Meta Platforms, Inc., the parent company of Facebook, has announced plans to reduce its workforce by approximately 5%, targeting its lowest-performing employees. The company, which employs over 72,000 individuals globally, communicated this decision through an internal memo posted on its Workplace forum by CEO Mark Zuckerberg. The affected staff members will be notified by February 10, with those outside the United States being informed on February 10 or later.
This move marks Meta's most significant round of layoffs since the major cuts in 2022 and 2023, during which the company eliminated 21,000 jobs—nearly a quarter of its total workforce. By focusing on underperforming staffers, Meta aims to streamline operations and align its team with the company's strategic objectives. In the memo, Zuckerberg emphasized the need to "move out low performers faster," preparing the company for what he described as an "intense year" in 2025.
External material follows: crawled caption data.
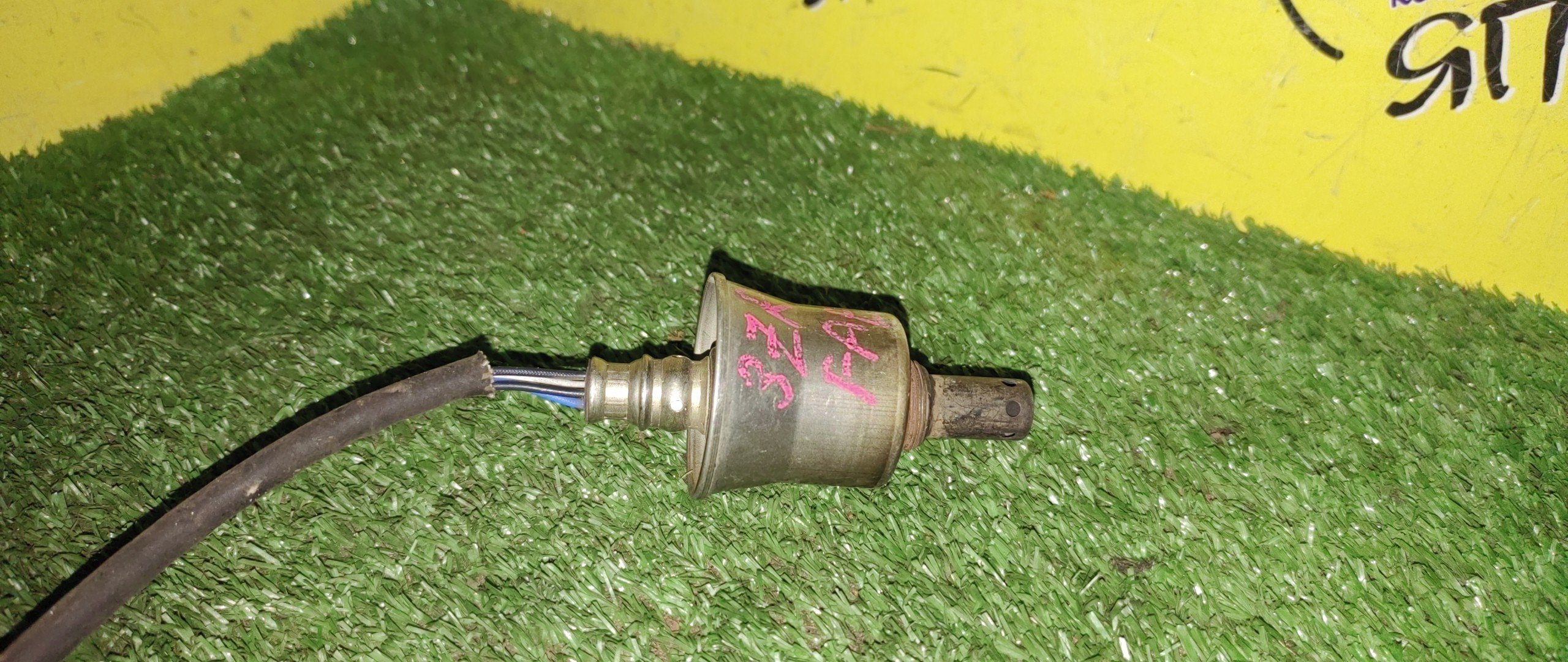 ЛЯМБДА-ЗОНД/TOY/2ZRFAE/3ZR-FE/8946712030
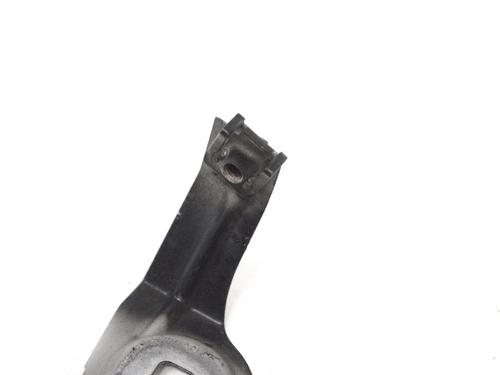 Support BMW 5 (F10) 520 d | BP30234210C155 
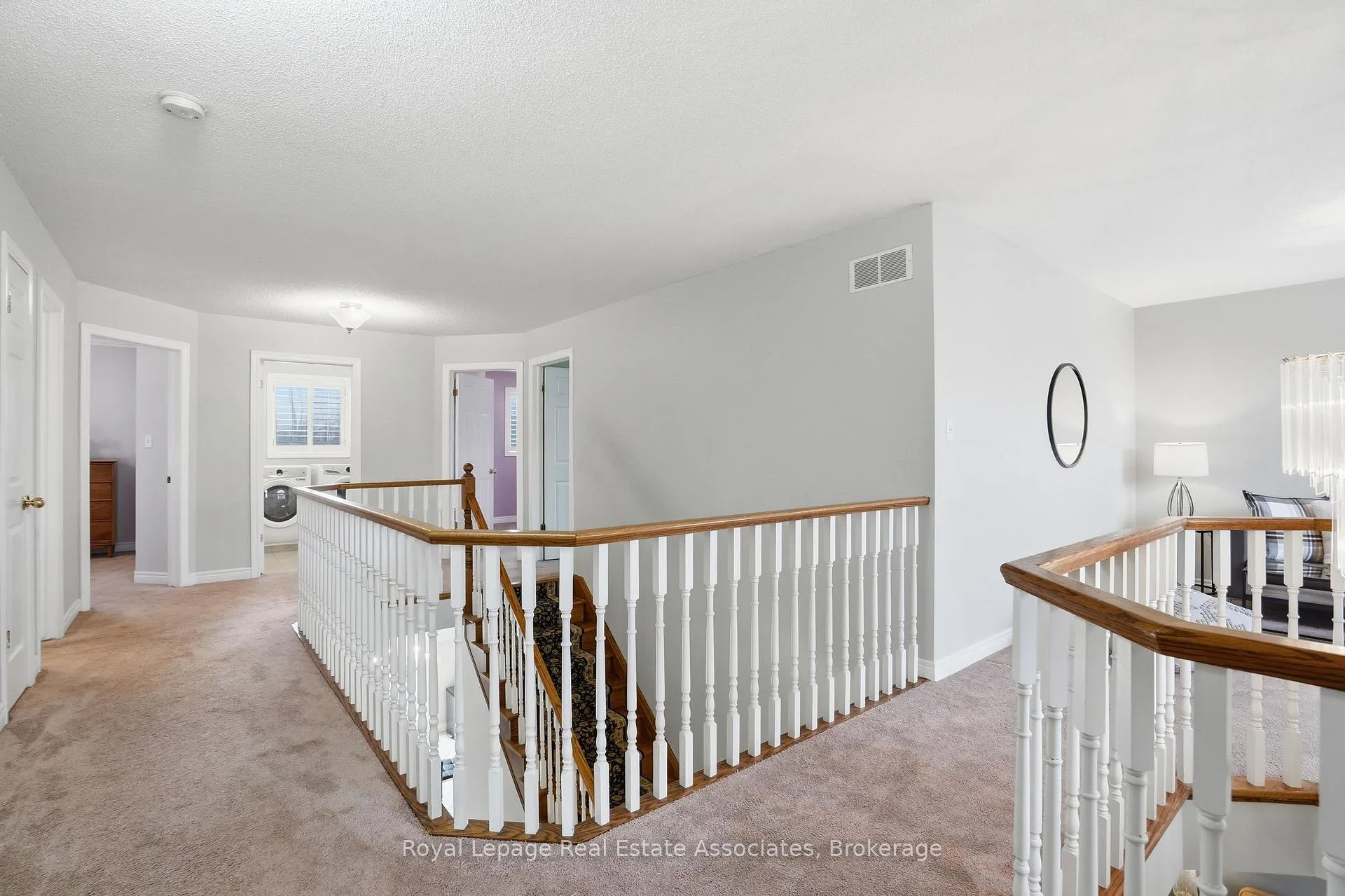Photo 34 of 486 Delaney Court, Burlington, Shoreacres — HOMEH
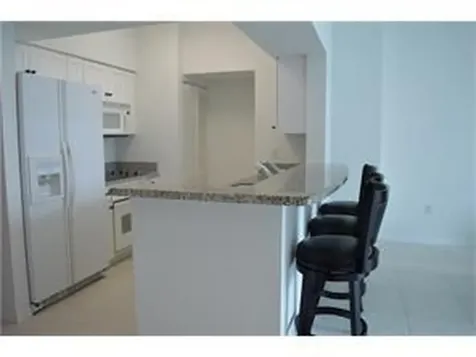 347 N New River Drive E Fort Lauderdale FL 33301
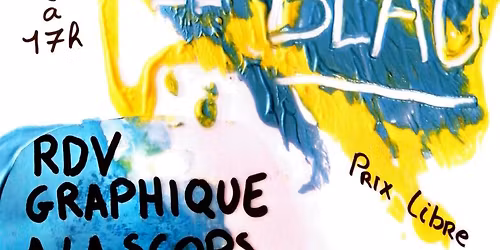 \ud83c\udfa8 Tant pis pour le beau \ud83e\ude85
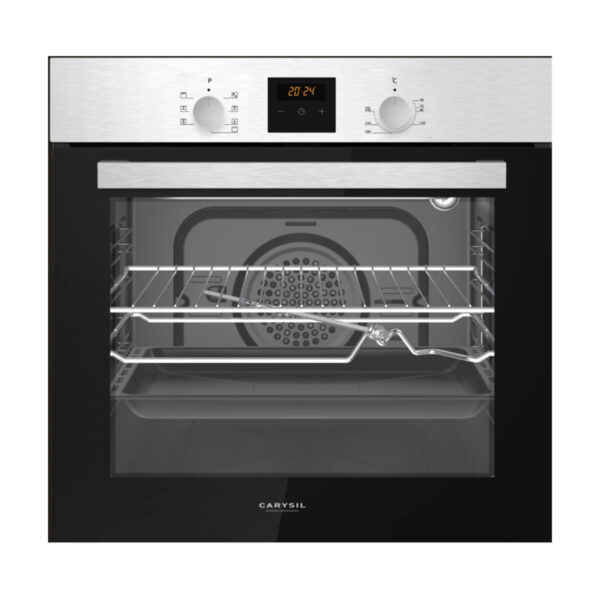 Target Oven Electric 60 cm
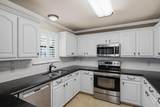 190 Westshore Drive - Photo 10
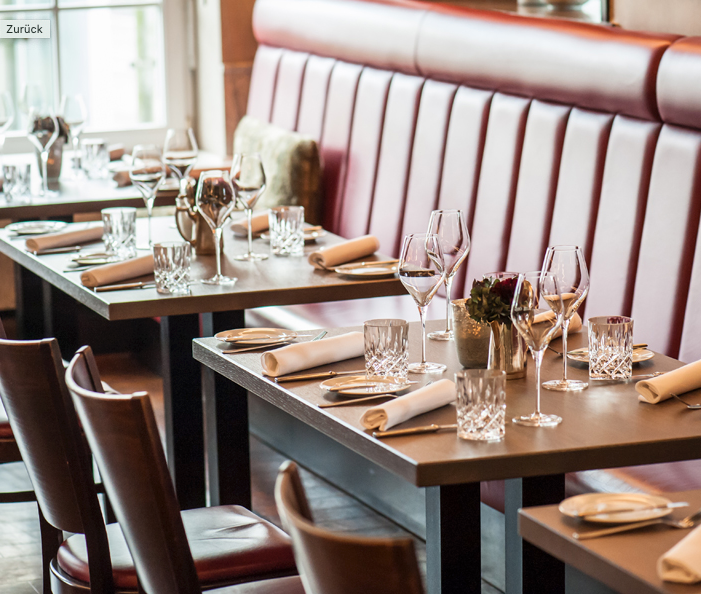 Bildschirmfoto 2019-09-13 um 16.28.41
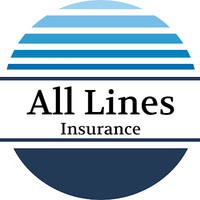 All Lines Insurance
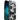 Premium Otterbox Iphone 13 Pro Only Symmetry Series Case | Cow Print Ultra Sleek Wireless Charging Compatible | Raised Edges Protect Camera Screen by Usa Warehouse – Buy Premium Otterbox Iphone 13 Pro Only Symmetry Series Case | Cow Print Ultra Sleek Wireless Charging Compatible | Raised Edges Protect Camera Screen Online at Best Price, Premium Quality Product for Home, Office & Daily Use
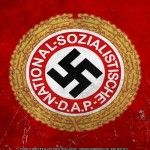Benvenuti sul Portale del Nazismo, per la verità storica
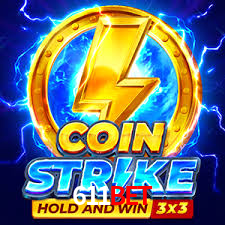 611bet.com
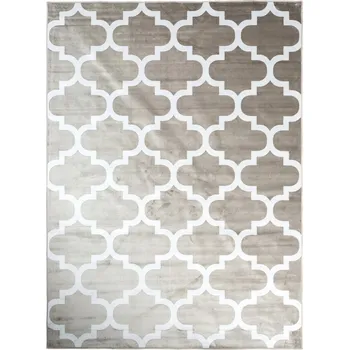 Koberec KOBEREC Isphahan 120x170 EXCLUSIVE KRÁTKÝ VLAS #270v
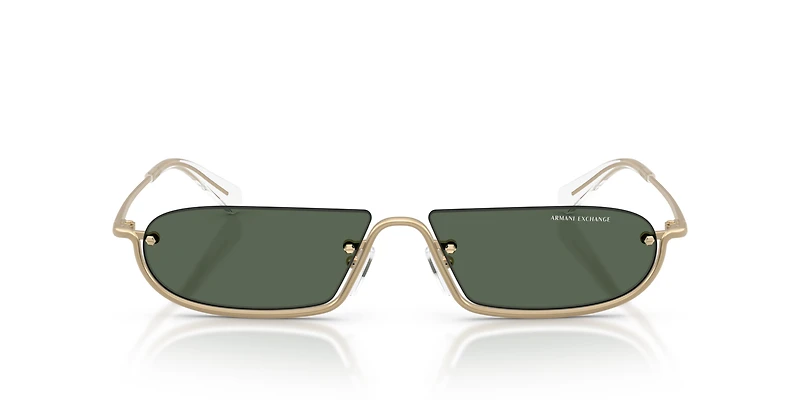 AX2058S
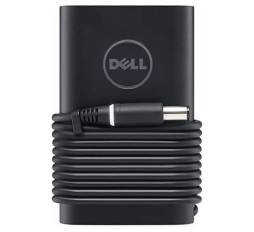 Slika proizvoda: Dell AC Adapter 180W 3 Pin for Alienware, Precision, XPS NB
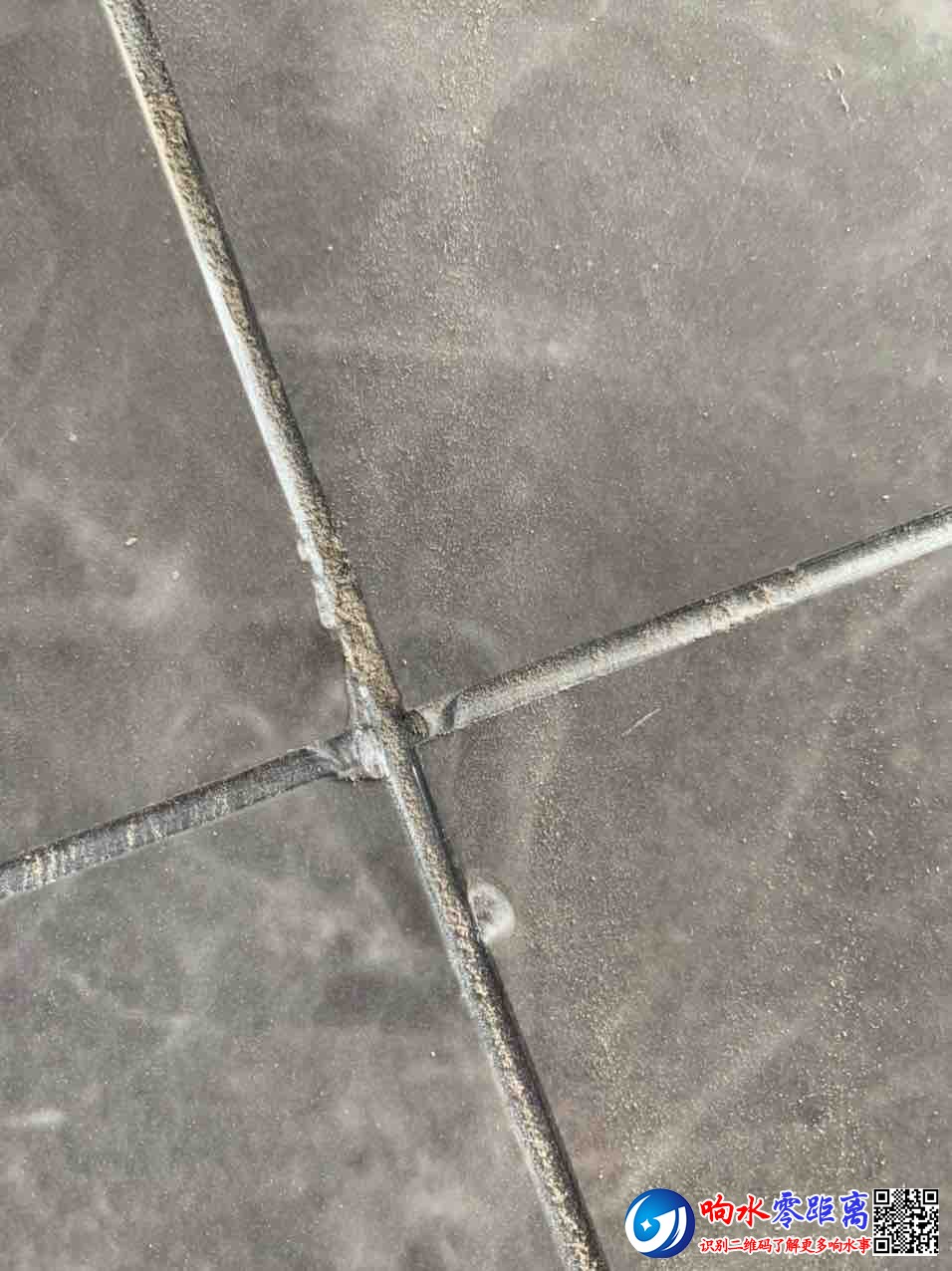 front1_0_FkppSRwWaVceMfU45zFf_JYDMgrz.1617186712.jpg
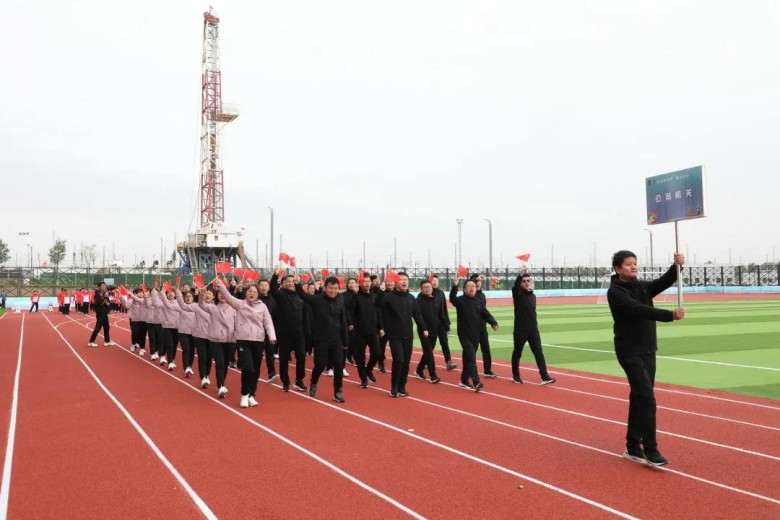 1634088787959204.jpg 10.jpg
The decision to implement these layoffs reflects Meta's commitment to building world-leading technologies and maintaining its competitive edge in the tech industry. A separate message from a company director reiterated that the cuts would affect approximately 5% of Meta's lowest performers, underscoring the firm's focus on optimizing its workforce for future challenges.
Meta has assured that severance packages will be provided in line with those offered in previous layoffs. This commitment aims to support affected employees during their transition and aligns with the company's past practices of offering assistance in such scenarios.